Trouble is, they sometimes may be in different dirs.

Andrei
July 24, 2011
On 22/07/2011 23:06, Andrei Alexandrescu wrote:
> I see this as a source of problems going forward, and I propose the
> following changes to the language:
>
> 1. The compiler shall accept method definitions outside a class.
>
> 2. A method cannot be implemented unless it was declared with the same
> signature in the class definition.

So what you're proposing is akin to this in C++?

class A
{
  void foo();
}

void A::foo()
{
}

The equivalent D being s/::/./? My question is then, do we allow something like:

// a.d
class A
{
  void foo();
}

// b.d
import a;
void A.foo() {}

Which causes the module system to breakdown somewhat, or do we require the method to be implemented in the same module (.di or .d)?

-- 
Robert
http://octarineparrot.com/
July 24, 2011
On Sat, 23 Jul 2011 21:14:27 -0300, Walter Bright <newshound2@digitalmars.com> wrote:

> On 7/23/2011 3:50 PM, Andrei Alexandrescu wrote:
>> On 7/23/11 5:39 PM, bearophile wrote:
>>> I have suggested some fine-grained hashing. Compute a hash from a
>>> class definition, and later quickly compare this value with a value
>>> stored elsewhere (like automatically written in the .di file).
>>
>> I discussed four options with Walter, and this was one of them. It has issues.
>> The proposal as in this thread is the simplest and most effective I could find.
>
> The only way the linker can detect mismatches is by embedding the hash into the name, i.e. more name mangling. This has serious issues:
>
> 1. The hashing cannot be reversed. Hence, the user will be faced with really, really ugly error messages from the linker that will make today's mangled names look like a marvel of clarity. Consider all the users today, who have a really hard time with things like:
>
>      undefined symbol: _foo
>
> from the linker. Now imagine it's:
>
>      undefined symbol: _foo12345WQERTYHBVCFDERTYHGFRTYHGFTYUHGTYUHGTYUJHGTYU
>
> They'll run screaming, and I would, too.

A simplistic suggestion:

This could be made better by specifying a hash introduction character, known
by or specifyable in all tools.
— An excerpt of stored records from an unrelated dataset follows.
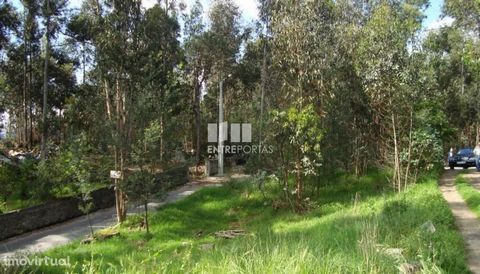 Land with 404 m2. Good location. Ref.:5558 BETWEEN DOORS Founded in 2004, the ENTREPORTAS group over 15 years old, is a leader in real estate mediation in the markets in which it operates, offering a quality and innovative service. ENTREPORTAS real e...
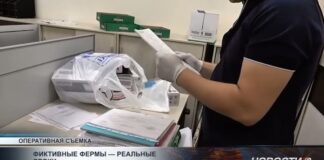 Фиктивные фермы — реальные сроки: 27 человек осудили в Туркестанской области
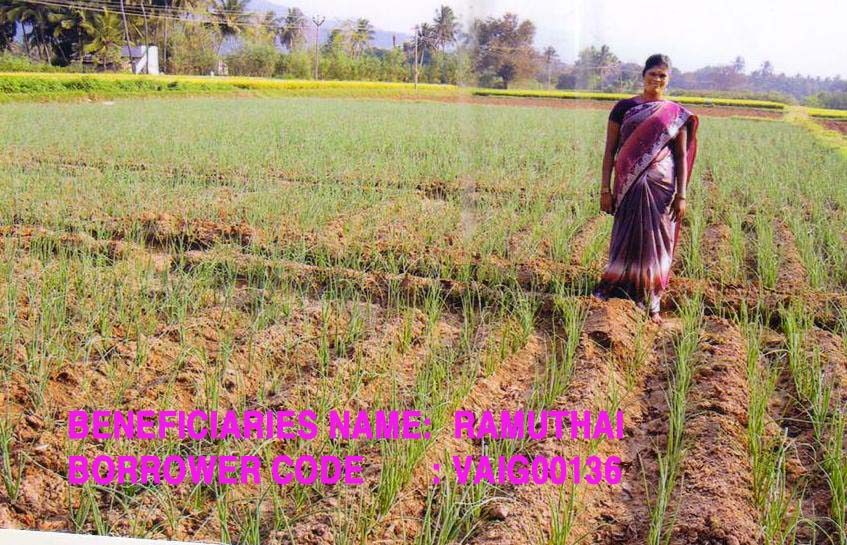 Vegetable Cultivation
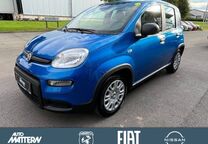 Gebrauchtwagen Fiat Panda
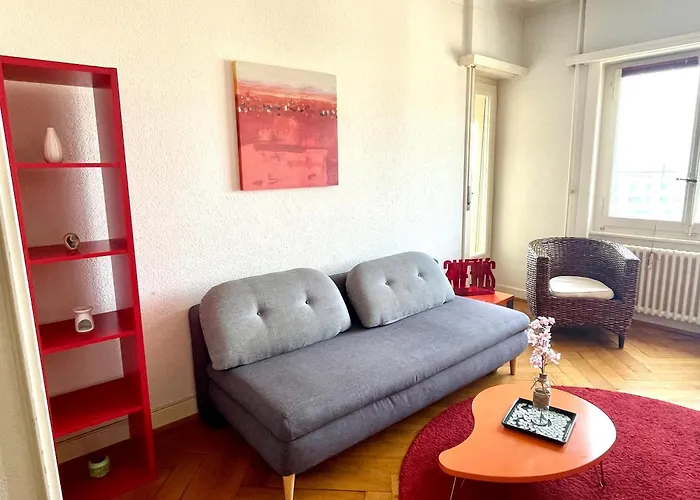 La Proximite Du Centre Avec Vue 洛桑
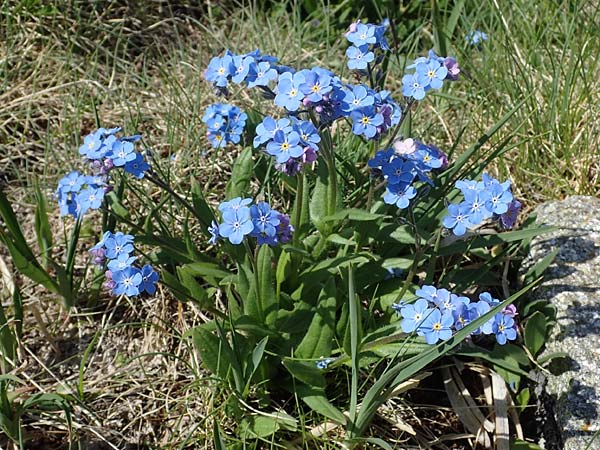 Myosotis alpestris \ Alpen-Vergissmeinnicht / Alpine Forget-me-not, A Seetaler Alpen, Zirbitzkogel 28.6.2021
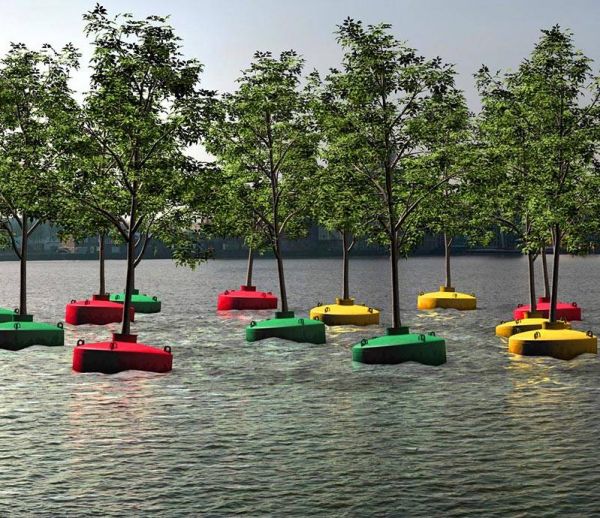 Une forêt flottante à Rotterdam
That could give
_foo^12345WQERTYHBVCFDERTYHGFRTYHGFTYUHGTYUHGTYUJHGTYU
in tools not yet aware of the hash intro character, and just
_foo
in tools that has been adapted to take advantage of it.
Both cases are easier to read IMHO, and the system enables easy implementation
of the second case in varous tools.

> 2. This hash will get added to all struct/class names, so there will be an explosion in the length of names the linker sees. This can make tools that deal with symbolic names in the executable (like debuggers, disassemblers, profilers, etc.) much more messy to deal with.
> 3. Hashes aren't perfect, they can have collisions, unless you want to go with really long ones like MD5.

The system above would make the length of the hash almost irrelevant, because
it would simplify the adaption of tools to not display the symbols hash, while
also make the symbol easier to read in old tools not yet adapted.

I do not know if other compiled languages has the same problem, but if they
do such a convention might be nice for them as well.

Roald
July 24, 2011
Don:

> As far as performance goes, it would seem much simpler to just

Have Walter and Andrei seen this post by Don?

Bye,
bearophile